What Is Causing China’s Yield Curves To Invert: UBS Answers

Something strange is taking place in China, and we are not talking about the largely optical, mostly irrelevant first downgrade of China by Moody’s since 1989 (which still managed to unleash diplomatic hell in Beijing), and in which the rating agency simply admitted what everyone else already knew about the 300% debt/GDP economy.

The bigger issue, as we noted previously, is that both the short-term…

 

and conventional Chinese funding market appears to be breaking…

… because as of this week, not only has the one-year Shanghai Interbank Offered Rate, or SHIBOR, exceeded the Loan Prime Rate for the first time ever, meaning Chinese banks’ cost of borrowing is now above the rate they charge customers, but the Chinese government bond yield curve has inverted in not just one, but two places, with both the 3s5s and the 7s10s negative.

The question everyone wants answered is why. One attempt at just that, came today from UBS which first give the blow by blow of how we got there:

As market concerns about financial regulation continued in the first half of May, bond yields kept rising, with the 10-year CGB yield reaching 3.69% on 10 May. The People’s Bank of China (PBoC) renewed MLFs and increased net liquidity injection through OMOs. April economic data, such as FAI released by NBS, came in weaker than market expectations. More importantly, there were media reports that the China Banking Regulatory Commission (CBRC) showed a soft tone in requirements for banks to reach standards. Besides, the central bank’s statement on strengthening coordination in financial regulations eased market concerns about financial regulation.
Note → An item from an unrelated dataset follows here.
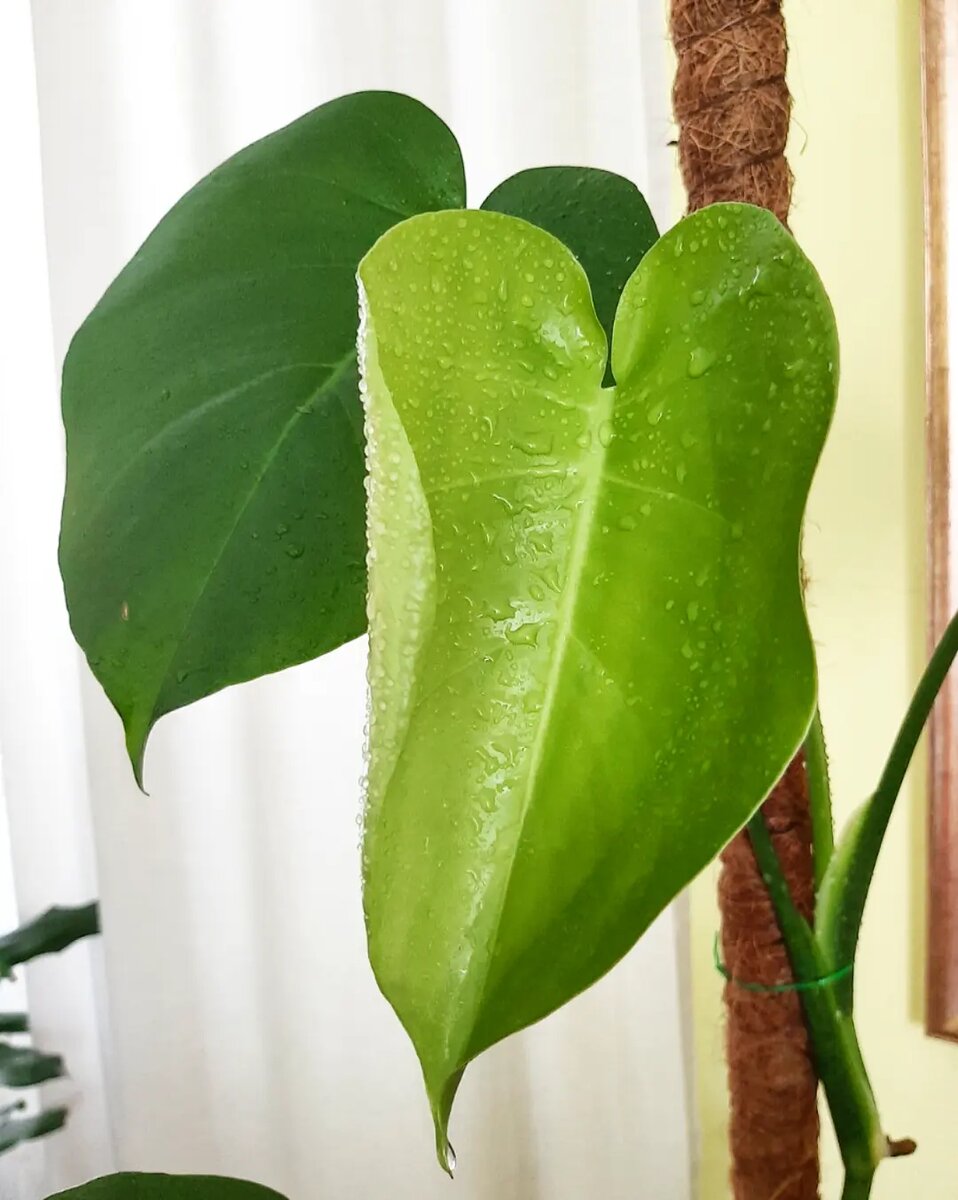 Монстера делициоза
As a result of these factors, the back end of the yield curve declined while the front end to continued rising moderately. According to Chinabond yield curves, as of 19 May 2017, 1-year, 5-year and 10-year CGB yields were 3.48%, 3.68% and 3.63%, respectively, up 9bp, 20bp and 7bp compared with 5 May 2017. Yields of 1-year, 5-year and 10-year policy financial bonds (CFBs; we use the bonds issued by the Export and Import Bank of China as examples) were 4.11%, 4.45% and 4.51%, respectively, up 21bp, 10bp and 6bp compared with 5 May 2017.